After intense fighting, Chih-chih was killed and beheaded, and the city fell. Chinese accounts state that 145 men were “captured” while more than 1,000 “surrendered” and that these men were taken by Ch’en T’ang back to China, where they were settled in a town named Li-chien, which a generation later was renamed Chieh-lu (which can be translated as “prisoners captured in the taking of the city”).



A major component to Dubs theory was that ‘fish-scale formation’ being used by these troops corresponded to testudo formation used by Roman soldiers. Furthermore, the word Li-chien, which was first used for the town where the defeated soldiers were settled, can mean Rome in Chinese.

Matthew, a lecturer at Australian Catholic University and a leading authority on ancient Greek warfare, believes that the ‘fish-scale formation’ corresponds with how Greek hoplites fought. He writes:

It is only the large aspis carried by the classical Greek hoplite that can be used to create a formation which resembles the overlapping scales of a fish. When standing in a close-order formation of 45 cm per man, a shield with an average diameter of 90 cm (as the aspis possessed) will sufficiently extend to either side of the space that each man occupies, and so effectively overlap with those on either side. When the right edge of the aspis is presented forward and then pulled back on top of the shield carried by the man to the right, this creates a strong, interlocked, shield-wall. The uniform manner in which the shields interlock strongly resembles the overlapping scales of a fish.

Matthew goes on to suggest that the soldiers using Greek hoplite tactics may have been descendants of soldiers that served Alexander the Great as he campaigned in Asia between the years 330 BC and 328 BC. During his campaigns in Asia, Alexander settled several garrisons, which he named Alexandria (as he did with the more famous city in Egypt). Matthew adds, “it is reasonably safe to conclude that the descendants of many of the mercenary garrisons and settlements which Alexander had established in the area would have also continued the Greco-Macedonian style of life, including their methods of warfare.”

The idea that the soldiers of Alexander the Great’s armies remained in Asia is not new. Matthew points to oral traditions among the Kalash, a people living in northern Pakistan. One of their legends state:

Long, long ago, before the days of Islam, Sikander e Aazem came to India.
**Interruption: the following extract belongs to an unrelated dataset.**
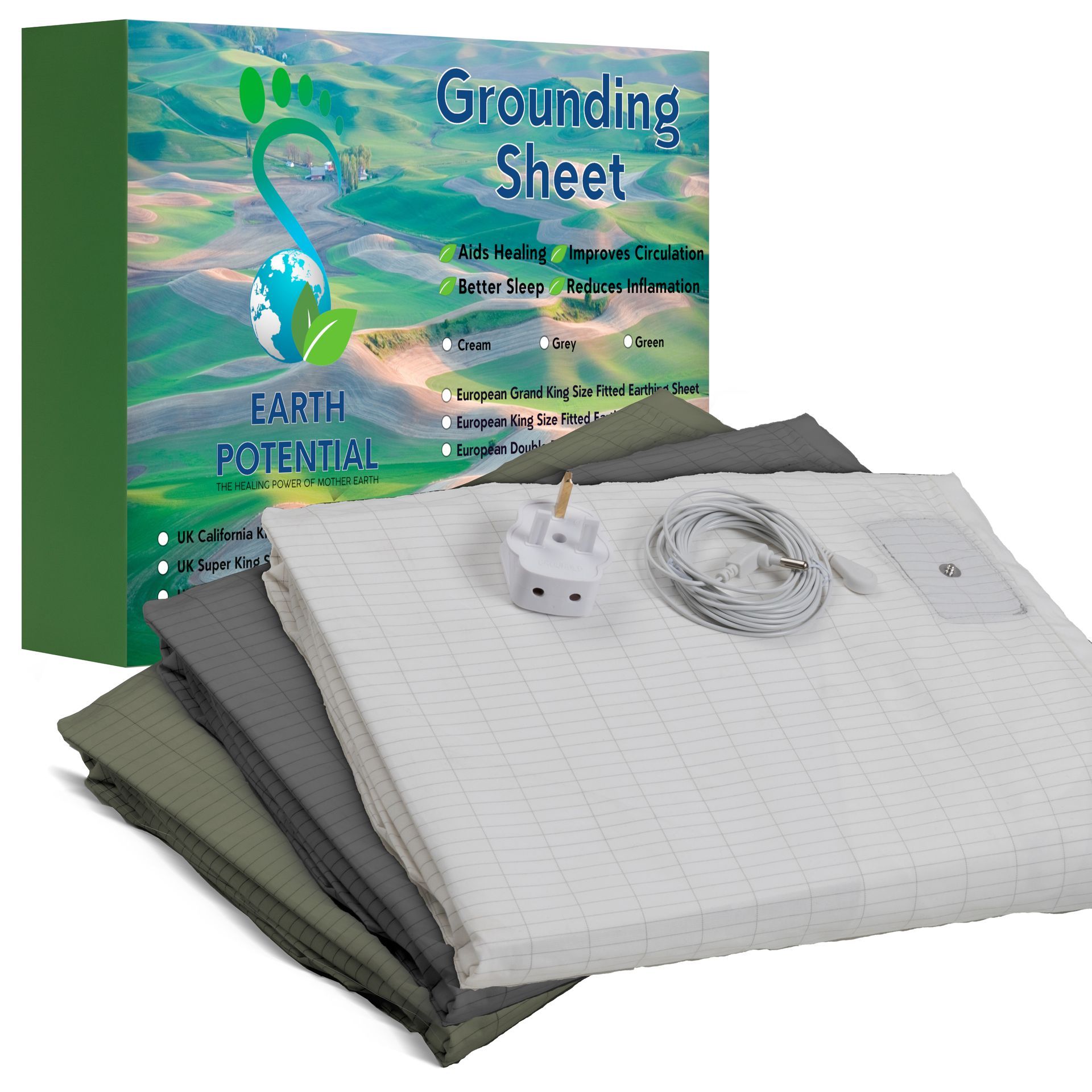 UK Grounding Sheets in White, Grey and Green by Earth Potential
The two horned one whom you British people call Alexander the Great. He conquered the world, and was a very great man, brave and dauntless and generous to his followers. When he left to go back to Greece, some of his men did not wish to go back with him but preferred to stay here. Their leader was a general called Shalakash. With some of his officers and men, he came to these valleys and settled here and took local women, and here they stayed. We, the Kalash […] are the descendants of their children. Still some of our words are the same as theirs, our music and our dances too; we worship the same gods. This is why we believe the Greeks are our first ancestors.

Another piece of evidence that supports Matthew’s theory is that while the word Li-chien does refer to Rome or Roman, it also can mean Alexandria. The historian concludes:

The true identity of the men in the strange formation before the walls of the city on the Talas River in 36 BC may never be fully established due to the limited source data that is available to researchers. Historians examining this strangely fascinating chapter of history can only deal in probabilities rather than absolutes. With the multiple interpretive possibilities that the name Li-chien could refer to either an “Alexandria” or to “Rome” or to some region of the Roman Empire or merely to some region of the non-Chinese west (which would include the regions of Sogdiana), the origins of these men cannot be ascertained with any certainty and the preference for one location over the other will ultimately come down to a matter of personal interpretation of the sources on this aspect.

“Greek Hoplite in an Ancient Chinese Siege” can be found in Volume 45 Issue 1/2 (2011) of Journal of Asian History, which is published by Harrassowitz Verlag.